> AVAILABLE DATA
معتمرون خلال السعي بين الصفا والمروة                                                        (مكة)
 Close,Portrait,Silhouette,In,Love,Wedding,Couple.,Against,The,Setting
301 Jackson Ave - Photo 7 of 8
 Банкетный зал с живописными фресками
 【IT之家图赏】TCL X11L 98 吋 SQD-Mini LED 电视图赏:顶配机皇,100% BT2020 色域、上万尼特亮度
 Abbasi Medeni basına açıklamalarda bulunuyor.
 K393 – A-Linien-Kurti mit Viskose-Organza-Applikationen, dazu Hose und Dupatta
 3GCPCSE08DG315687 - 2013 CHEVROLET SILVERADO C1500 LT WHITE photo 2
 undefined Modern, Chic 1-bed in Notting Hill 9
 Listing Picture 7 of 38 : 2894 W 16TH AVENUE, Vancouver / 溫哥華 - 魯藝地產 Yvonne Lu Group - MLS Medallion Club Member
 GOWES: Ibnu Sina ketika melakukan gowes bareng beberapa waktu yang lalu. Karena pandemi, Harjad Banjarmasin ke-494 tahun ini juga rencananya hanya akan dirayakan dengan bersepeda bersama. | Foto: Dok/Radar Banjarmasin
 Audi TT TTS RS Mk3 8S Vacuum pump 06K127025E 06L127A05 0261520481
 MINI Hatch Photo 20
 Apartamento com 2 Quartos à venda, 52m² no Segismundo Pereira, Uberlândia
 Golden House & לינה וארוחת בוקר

> EXERCISE BRIEF
All of the entries above should be transcribed exactly, line for line.

> ANSWER TO THE EXERCISE
معتمرون خلال السعي بين الصفا والمروة                                                        (مكة)
 Close,Portrait,Silhouette,In,Love,Wedding,Couple.,Against,The,Setting
301 Jackson Ave - Photo 7 of 8
 Банкетный зал с живописными фресками
 【IT之家图赏】TCL X11L 98 吋 SQD-Mini LED 电视图赏:顶配机皇,100% BT2020 色域、上万尼特亮度
 Abbasi Medeni basına açıklamalarda bulunuyor.
 K393 – A-Linien-Kurti mit Viskose-Organza-Applikationen, dazu Hose und Dupatta
 3GCPCSE08DG315687 - 2013 CHEVROLET SILVERADO C1500 LT WHITE photo 2
 undefined Modern, Chic 1-bed in Notting Hill 9
 Listing Picture 7 of 38 : 2894 W 16TH AVENUE, Vancouver / 溫哥華 - 魯藝地產 Yvonne Lu Group - MLS Medallion Club Member
 GOWES: Ibnu Sina ketika melakukan gowes bareng beberapa waktu yang lalu. Karena pandemi, Harjad Banjarmasin ke-494 tahun ini juga rencananya hanya akan dirayakan dengan bersepeda bersama. | Foto: Dok/Radar Banjarmasin
 Audi TT TTS RS Mk3 8S Vacuum pump 06K127025E 06L127A05 0261520481
 MINI Hatch Photo 20
 Apartamento com 2 Quartos à venda, 52m² no Segismundo Pereira, Uberlândia
 Golden House & לינה וארוחת בוקר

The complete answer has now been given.